Your assignment
Images do not belong in the copy. Retype all the entries below exactly.

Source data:
▶

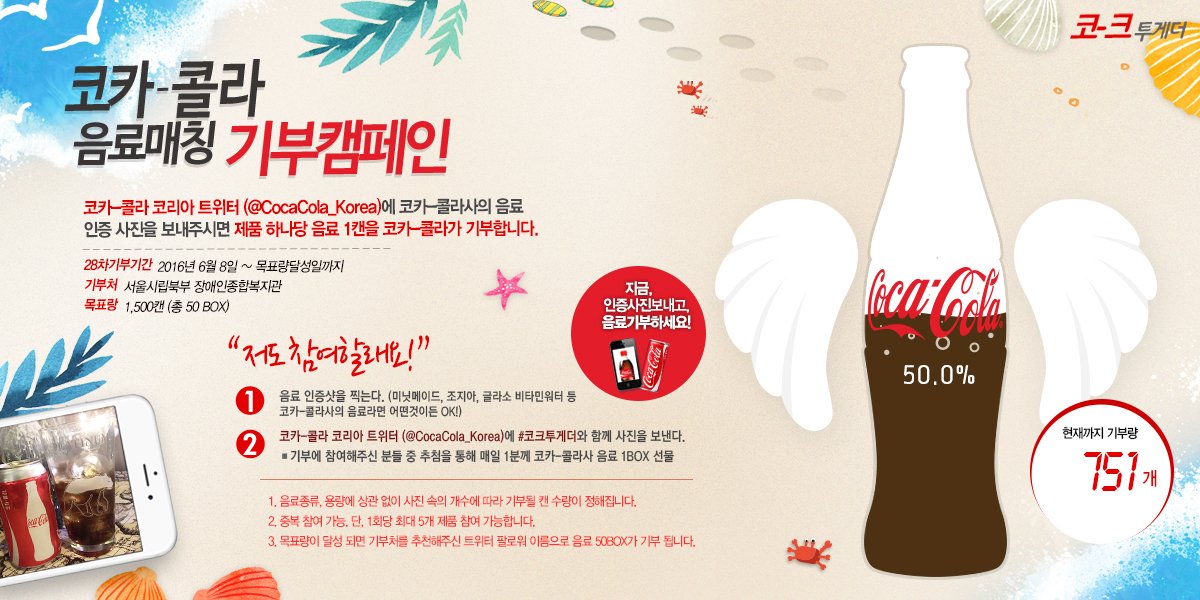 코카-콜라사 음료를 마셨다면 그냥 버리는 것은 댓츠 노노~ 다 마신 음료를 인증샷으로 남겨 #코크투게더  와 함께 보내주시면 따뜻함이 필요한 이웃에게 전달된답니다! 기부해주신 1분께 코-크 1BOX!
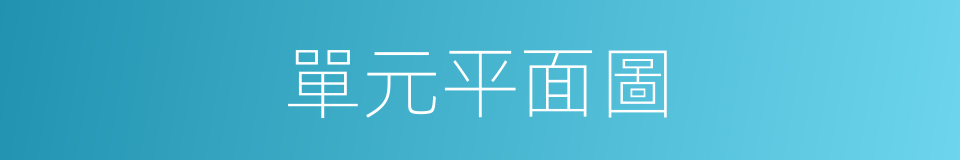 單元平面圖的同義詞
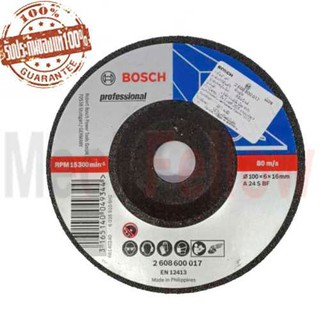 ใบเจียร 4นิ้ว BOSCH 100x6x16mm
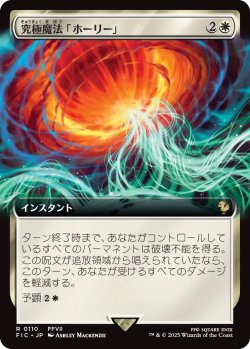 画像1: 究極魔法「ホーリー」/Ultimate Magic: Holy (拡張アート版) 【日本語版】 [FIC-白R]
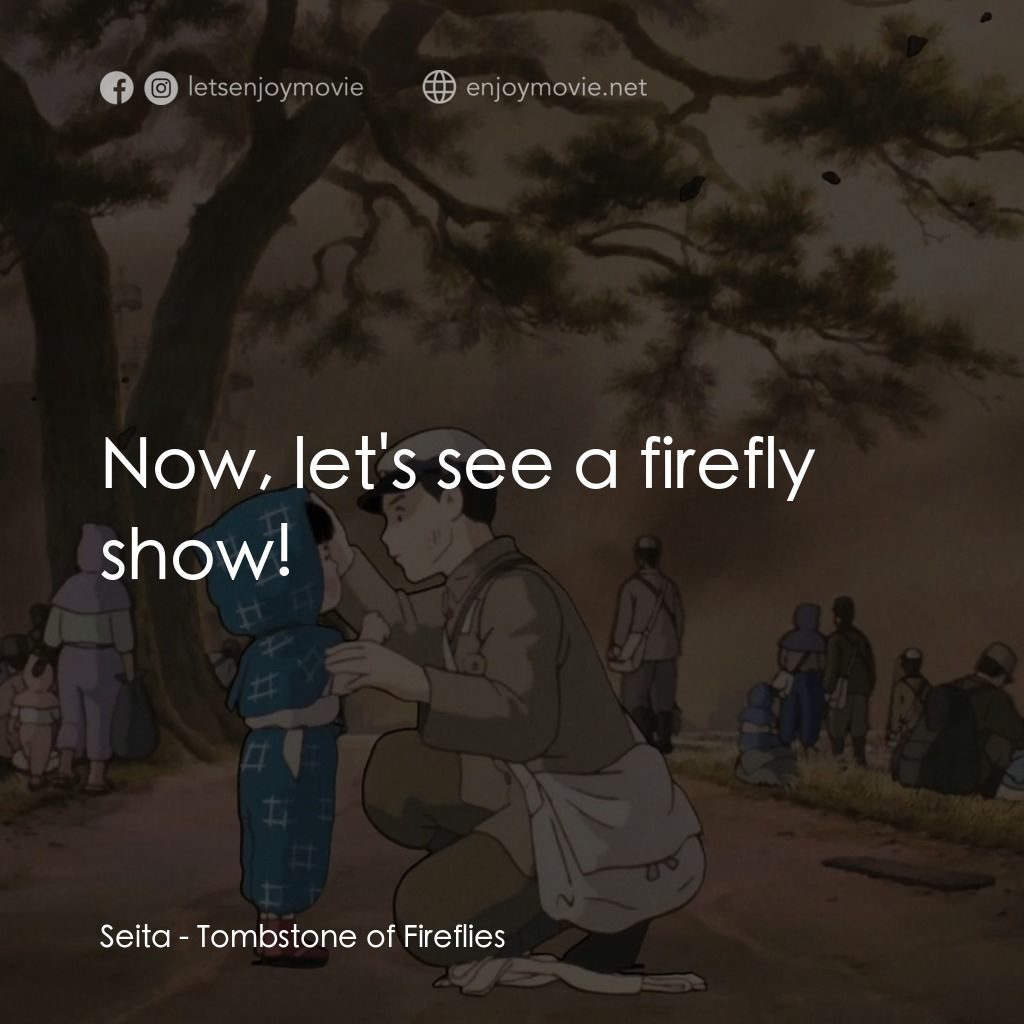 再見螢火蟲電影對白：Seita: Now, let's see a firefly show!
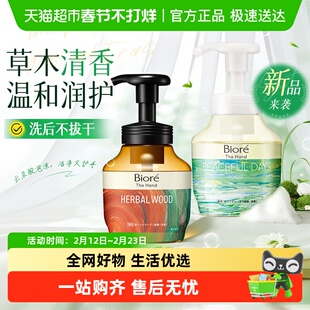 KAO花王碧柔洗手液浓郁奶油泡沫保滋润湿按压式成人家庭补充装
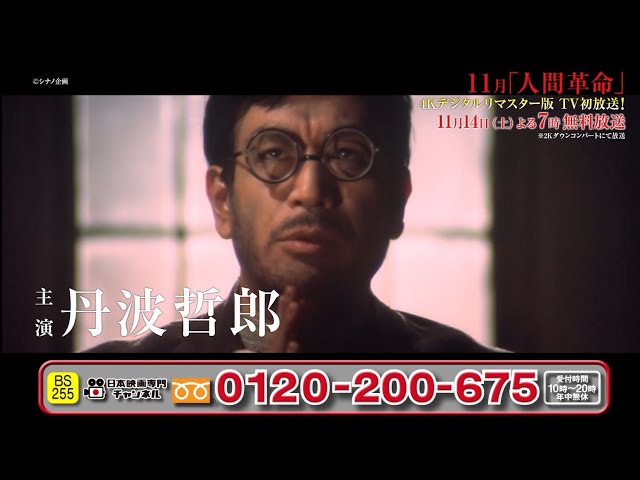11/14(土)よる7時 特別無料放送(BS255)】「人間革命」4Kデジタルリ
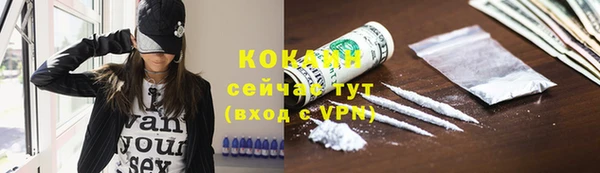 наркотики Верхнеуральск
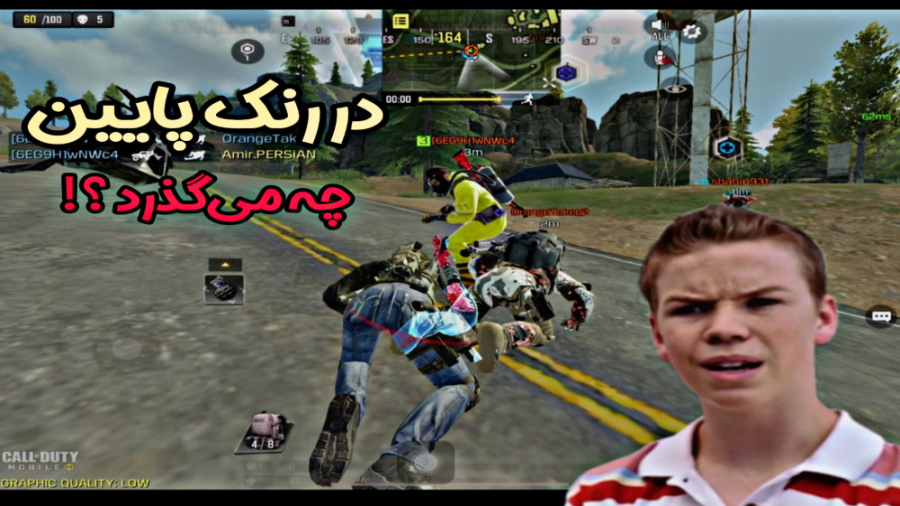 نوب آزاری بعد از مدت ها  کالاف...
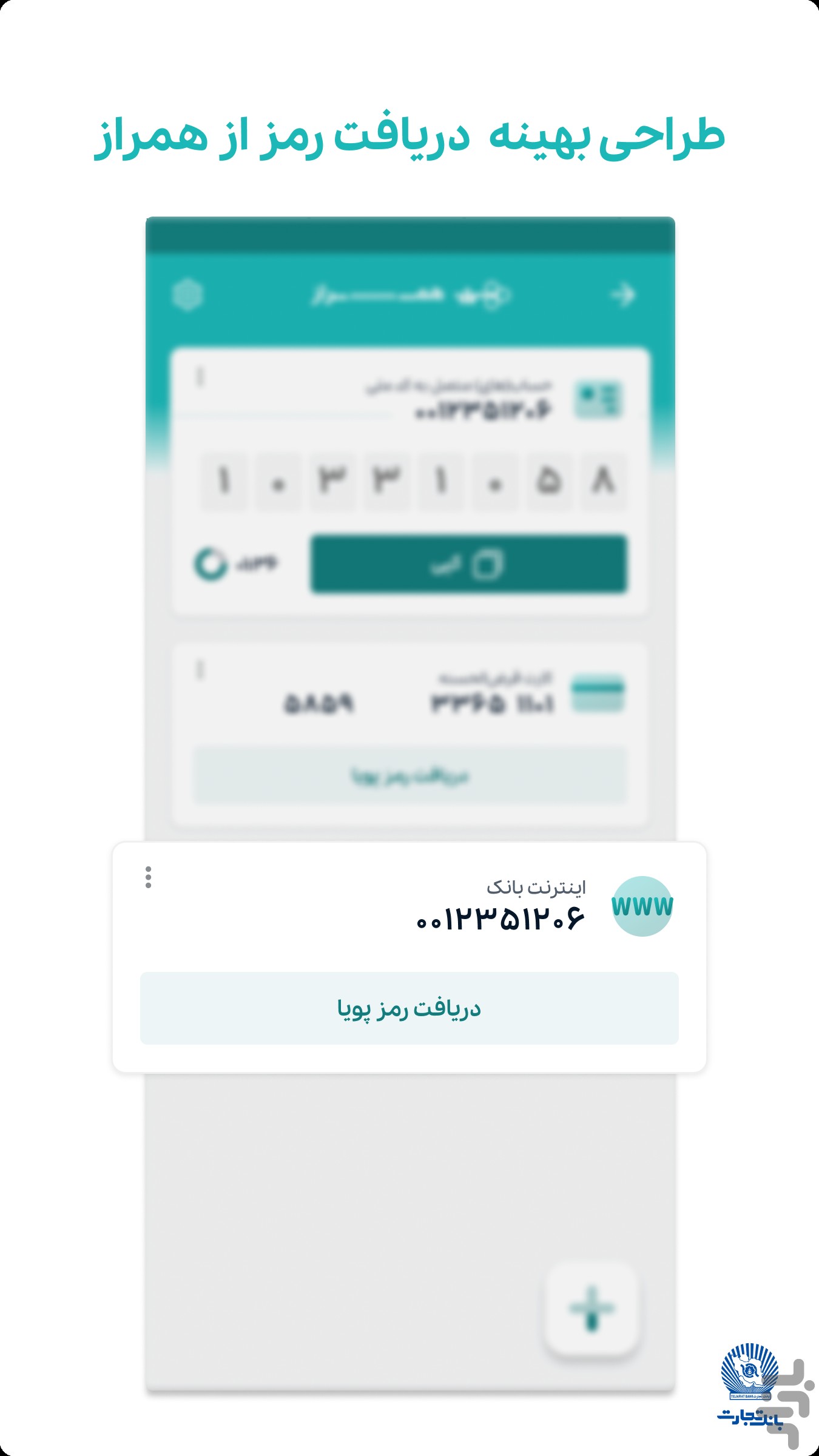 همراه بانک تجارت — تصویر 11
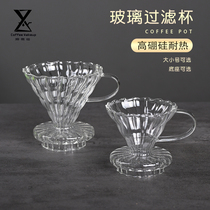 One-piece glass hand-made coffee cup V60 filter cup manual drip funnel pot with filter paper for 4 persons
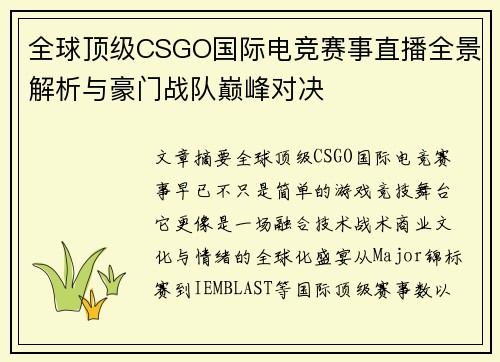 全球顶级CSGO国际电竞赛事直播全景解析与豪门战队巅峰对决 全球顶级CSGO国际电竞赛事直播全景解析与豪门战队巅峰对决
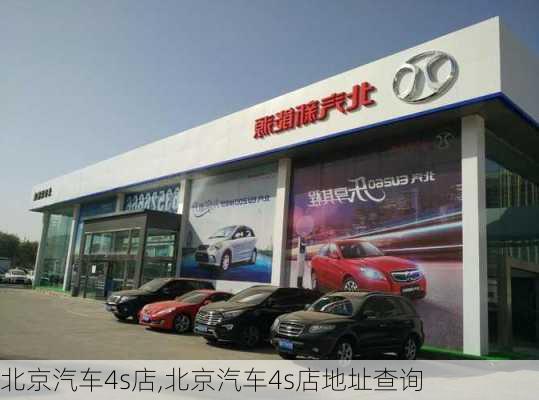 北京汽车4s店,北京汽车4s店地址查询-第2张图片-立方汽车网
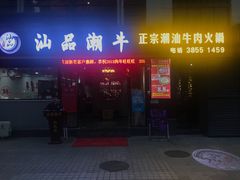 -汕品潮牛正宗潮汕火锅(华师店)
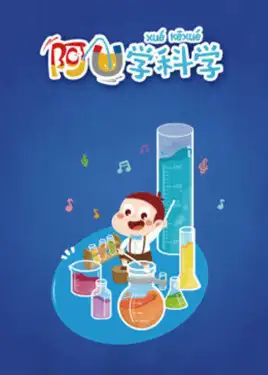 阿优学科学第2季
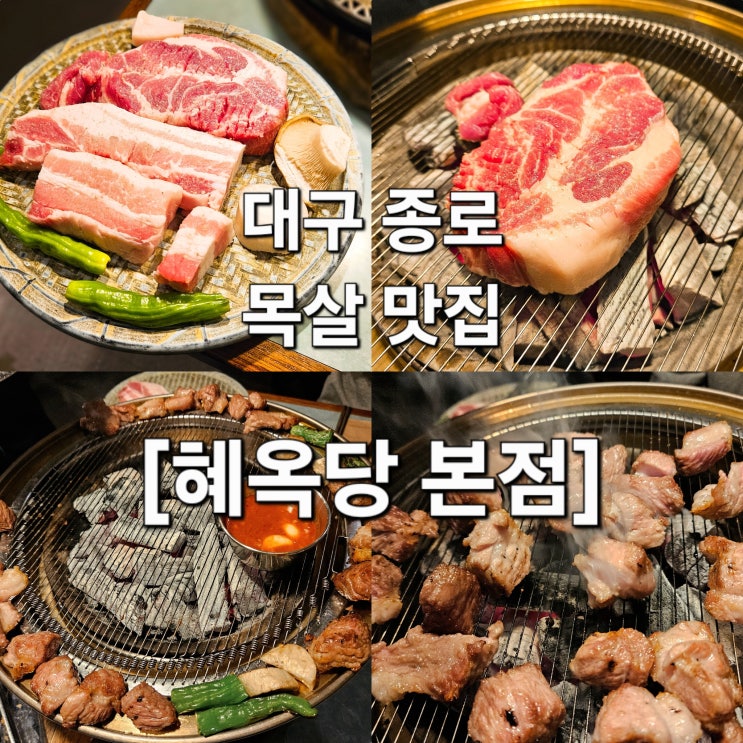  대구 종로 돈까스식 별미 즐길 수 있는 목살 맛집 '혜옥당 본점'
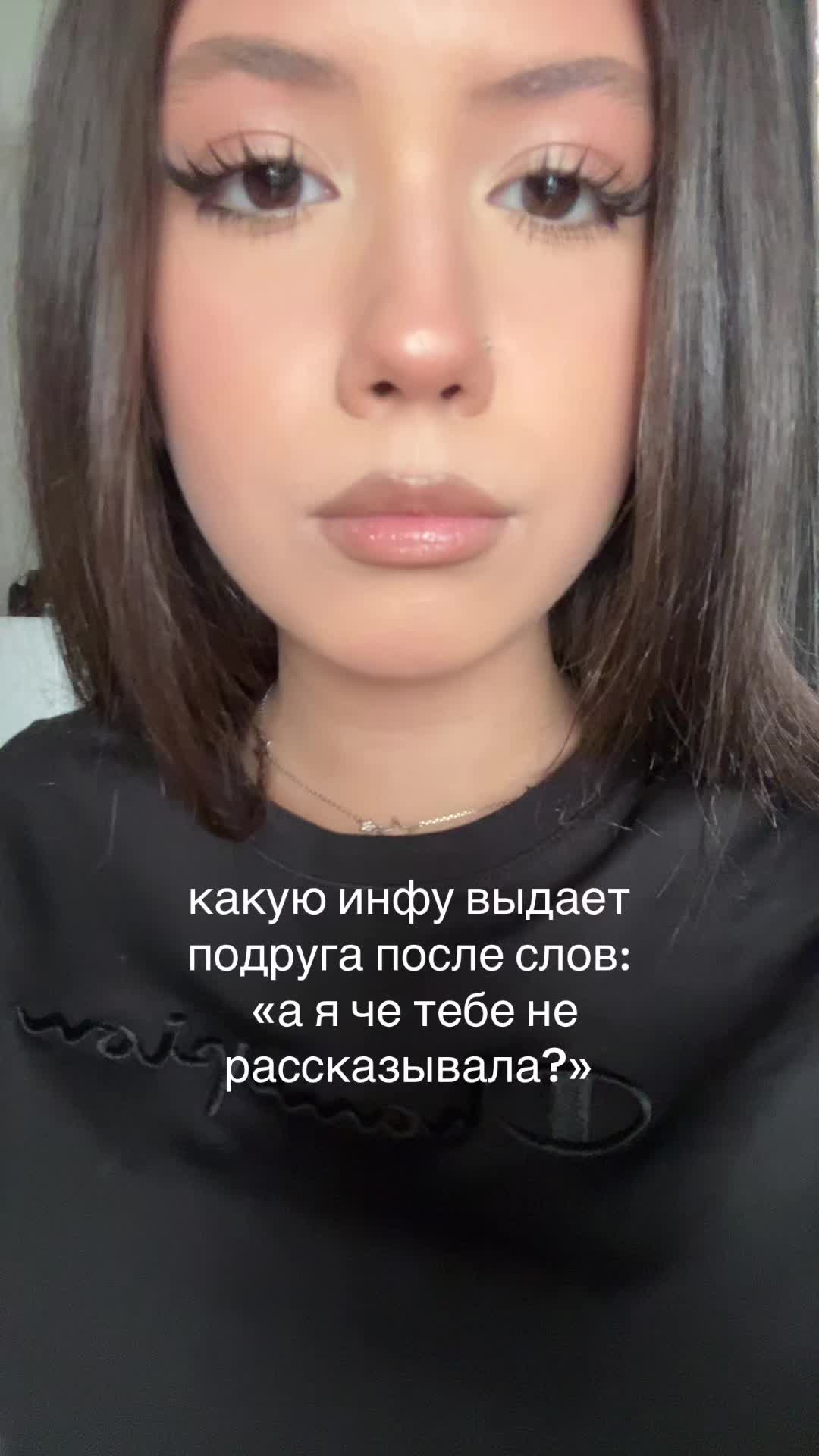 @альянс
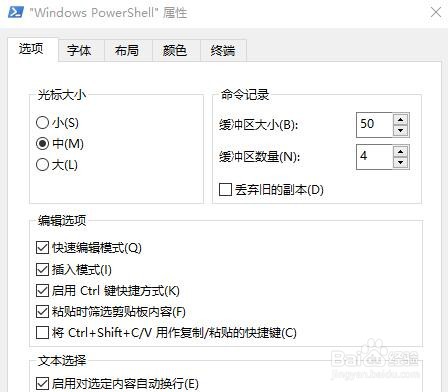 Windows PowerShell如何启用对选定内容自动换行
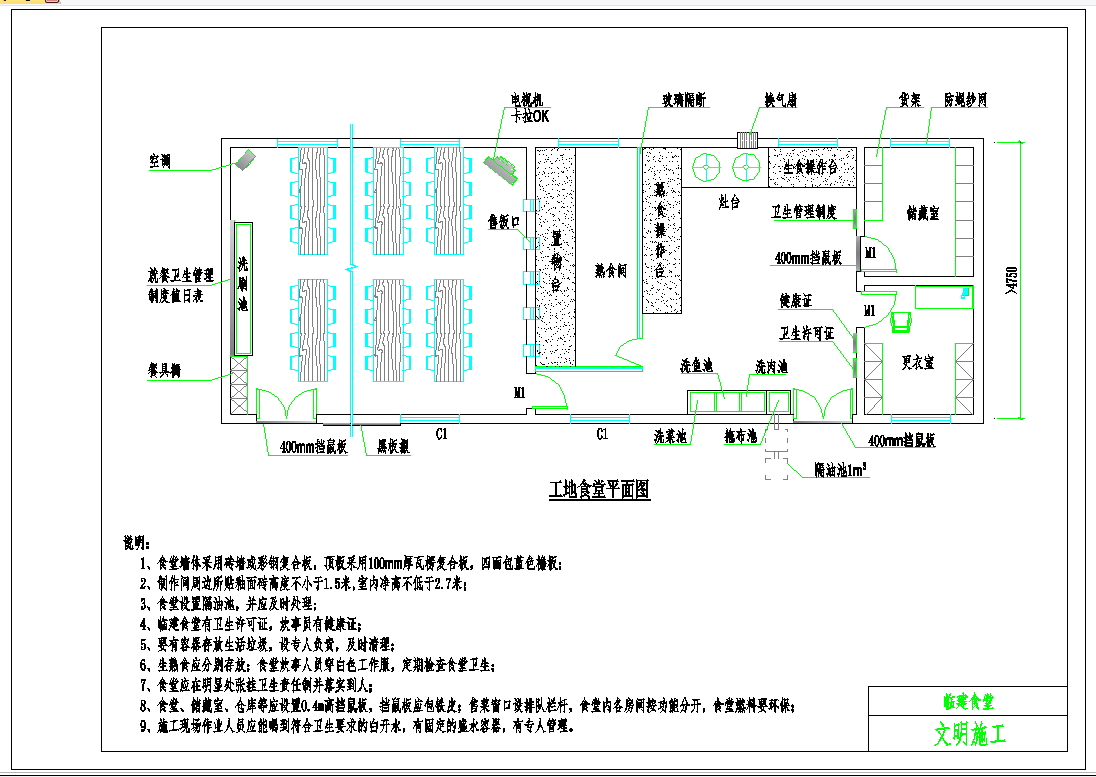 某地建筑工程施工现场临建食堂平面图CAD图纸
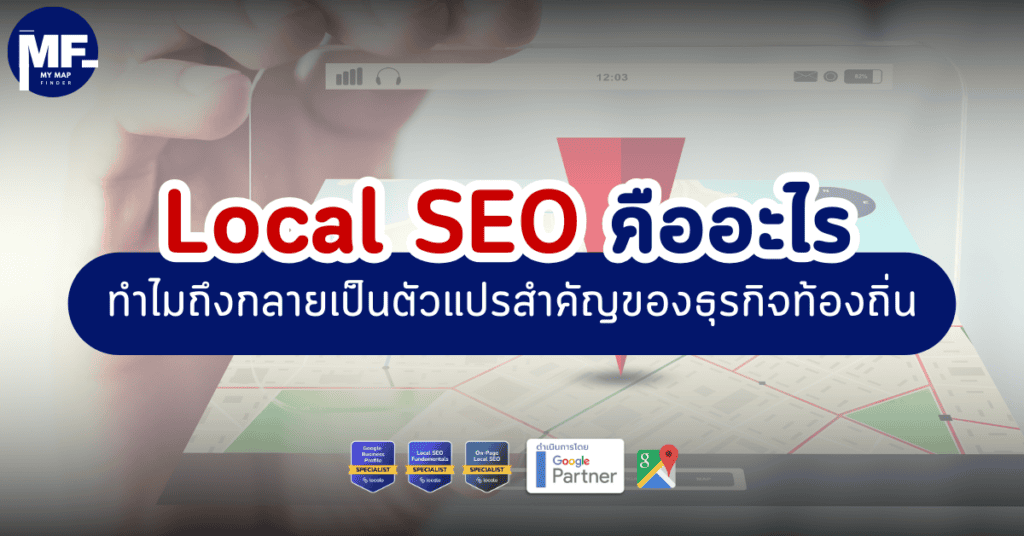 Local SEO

◀

Response area
 코카-콜라사 음료를 마셨다면 그냥 버리는 것은 댓츠 노노~ 다 마신 음료를 인증샷으로 남겨 #코크투게더  와 함께 보내주시면 따뜻함이 필요한 이웃에게 전달된답니다! 기부해주신 1분께 코-크 1BOX!
 單元平面圖的同義詞
 ใบเจียร 4นิ้ว BOSCH 100x6x16mm
 画像1: 究極魔法「ホーリー」/Ultimate Magic: Holy (拡張アート版) 【日本語版】 [FIC-白R]
 再見螢火蟲電影對白：Seita: Now, let's see a firefly show!
 KAO花王碧柔洗手液浓郁奶油泡沫保滋润湿按压式成人家庭补充装
11/14(土)よる7時 特別無料放送(BS255)】「人間革命」4Kデジタルリ
 наркотики Верхнеуральск
 نوب آزاری بعد از مدت ها  کالاف...
 همراه بانک تجارت — تصویر 11
 One-piece glass hand-made coffee cup V60 filter cup manual drip funnel pot with filter paper for 4 persons
 全球顶级CSGO国际电竞赛事直播全景解析与豪门战队巅峰对决 全球顶级CSGO国际电竞赛事直播全景解析与豪门战队巅峰对决
 北京汽车4s店,北京汽车4s店地址查询-第2张图片-立方汽车网
 -汕品潮牛正宗潮汕火锅(华师店)
 阿优学科学第2季
  대구 종로 돈까스식 별미 즐길 수 있는 목살 맛집 '혜옥당 본점'
 @альянс
 Windows PowerShell如何启用对选定内容自动换行
 某地建筑工程施工现场临建食堂平面图CAD图纸
 Local SEO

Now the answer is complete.